Material to process =
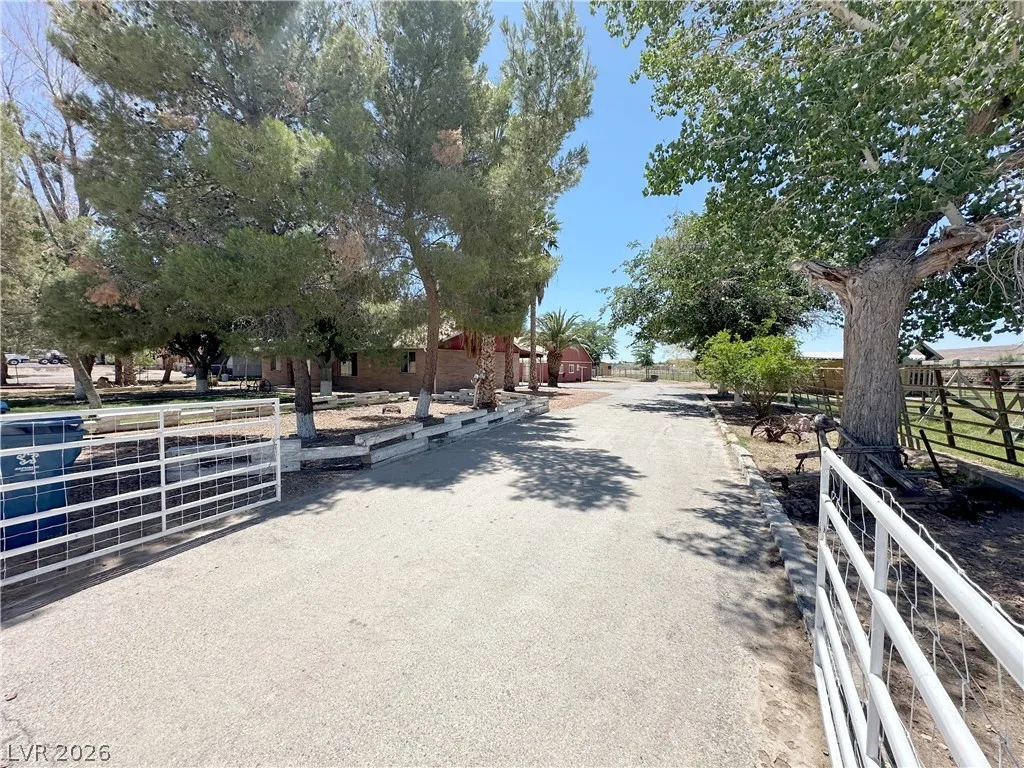 2025 Whipple Avenue — photo 4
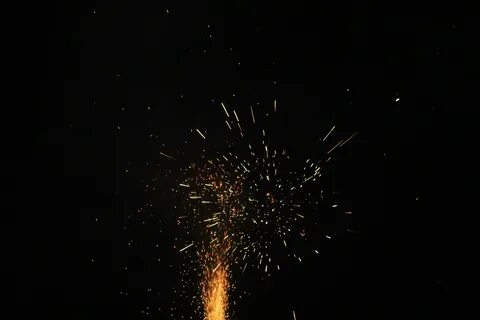 Брызжет искрами
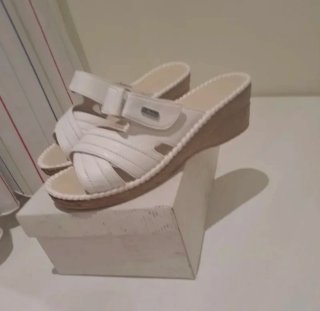 Sandalias Blancas con Cuña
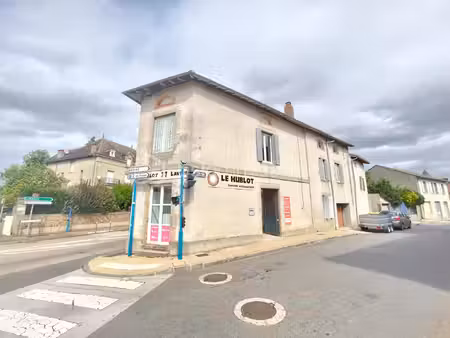 immeuble mixte de 156 m² à aixe-sur-vienne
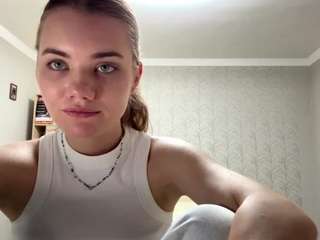 Live webcam model corinnedieffenbach on Soda Cams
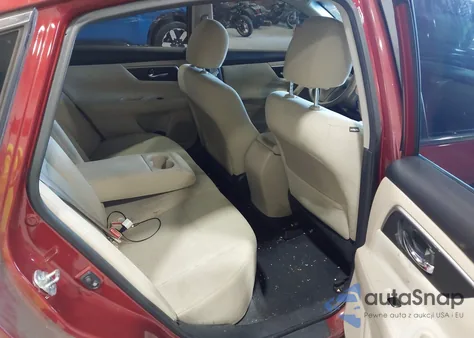 2015 Nissan Altima 2.5 S из США, поврежденный, VIN 1N4AL3AP9FN306656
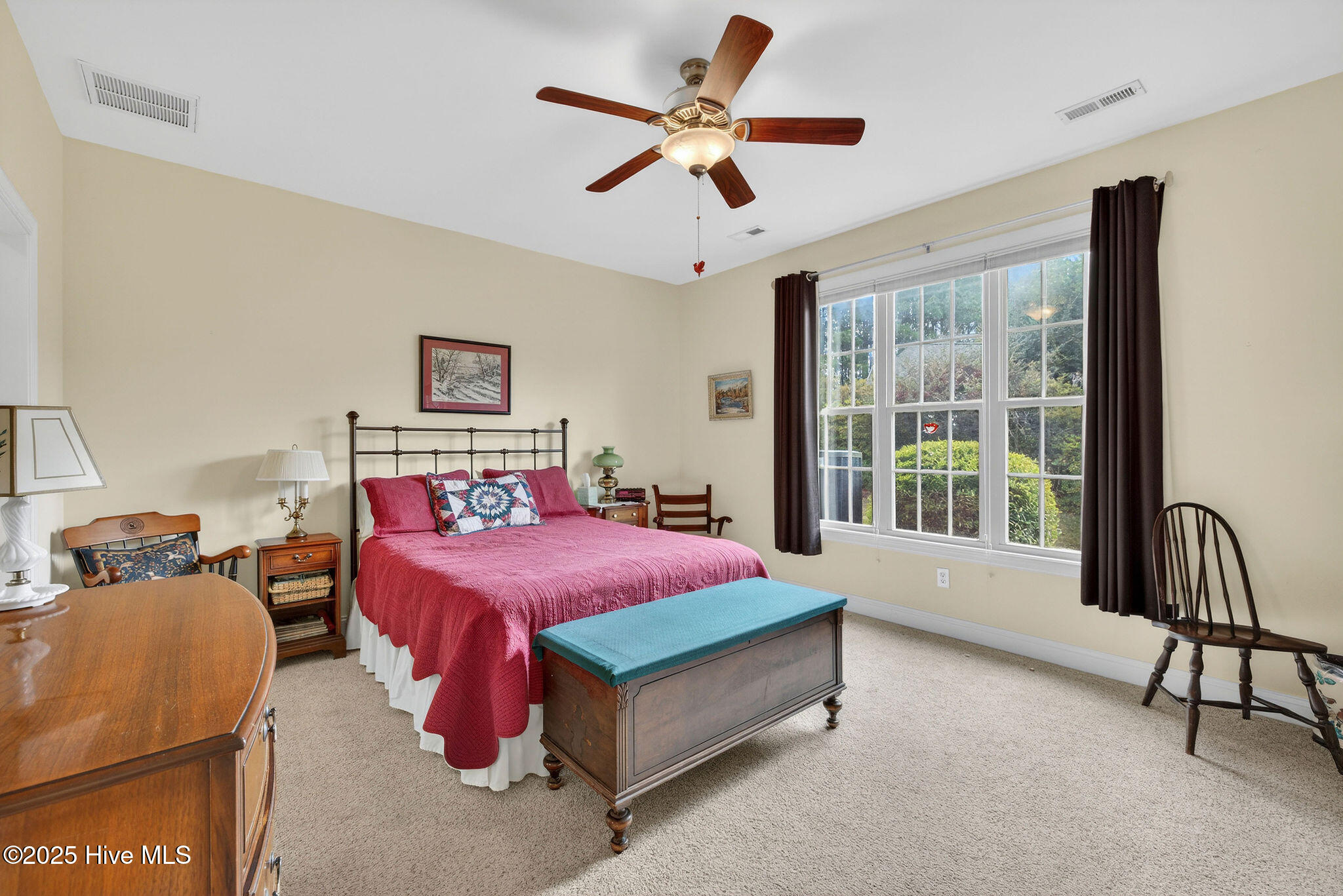 100544453 | Photo 16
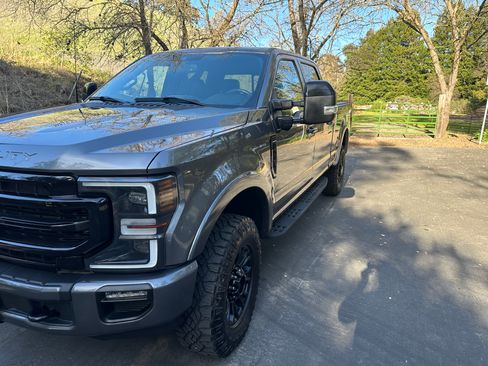 Used 2022 Ford F350 Lariat w/ Tremor Off-Road Package image 10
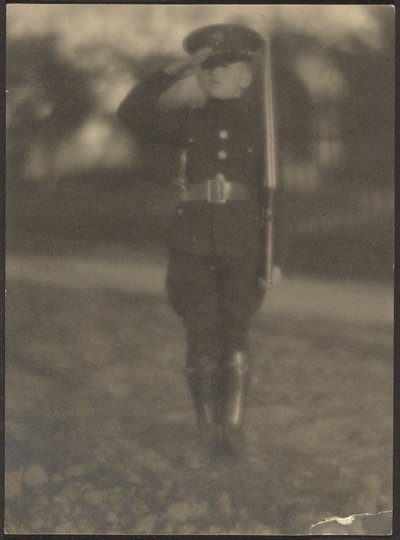 [Ragazzo in uniforme] da Louis Fleckenstein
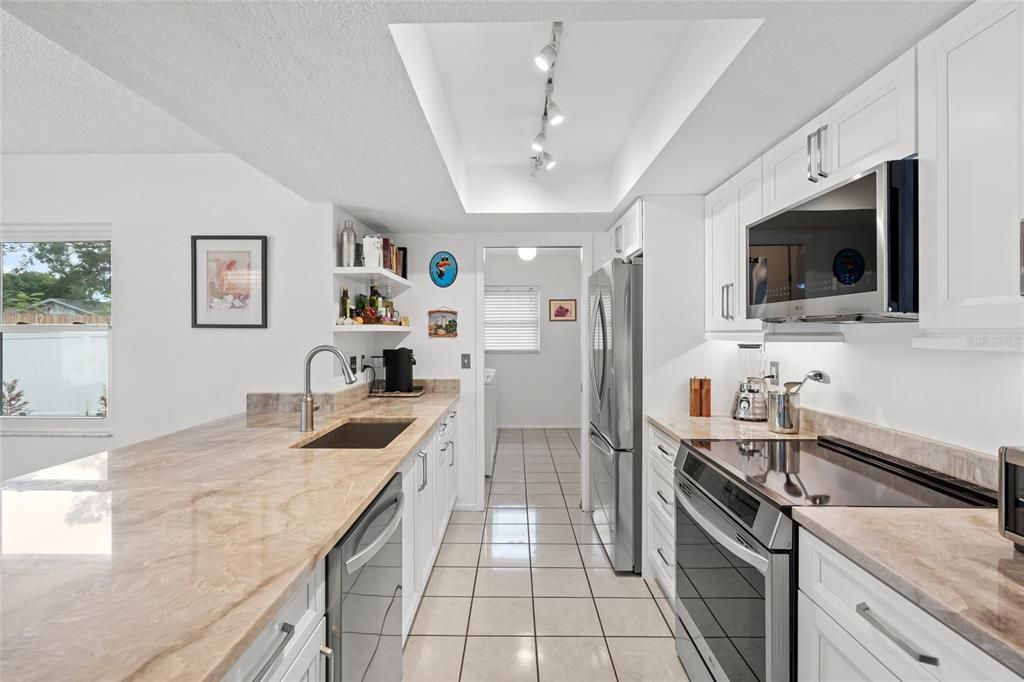 待售: $369,000 (2 贝兹, 2 浴室, 1562 平方英尺)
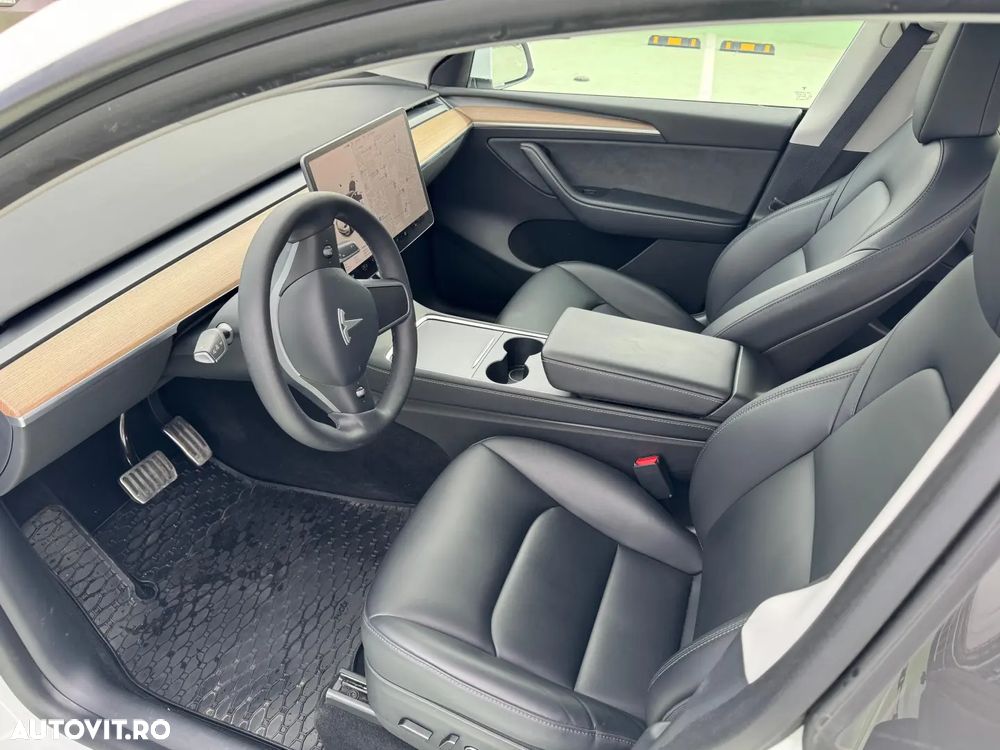 Tesla Model Y AWD Long Range - 11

Try it = Nothing but the lines from the top of the data above through the line containing "100544453 | Photo 16" should be output, exactly as written and without the pictures.

Response area =
 2025 Whipple Avenue — photo 4
 Брызжет искрами
 Sandalias Blancas con Cuña
 immeuble mixte de 156 m² à aixe-sur-vienne
 Live webcam model corinnedieffenbach on Soda Cams
 2015 Nissan Altima 2.5 S из США, поврежденный, VIN 1N4AL3AP9FN306656
 100544453 | Photo 16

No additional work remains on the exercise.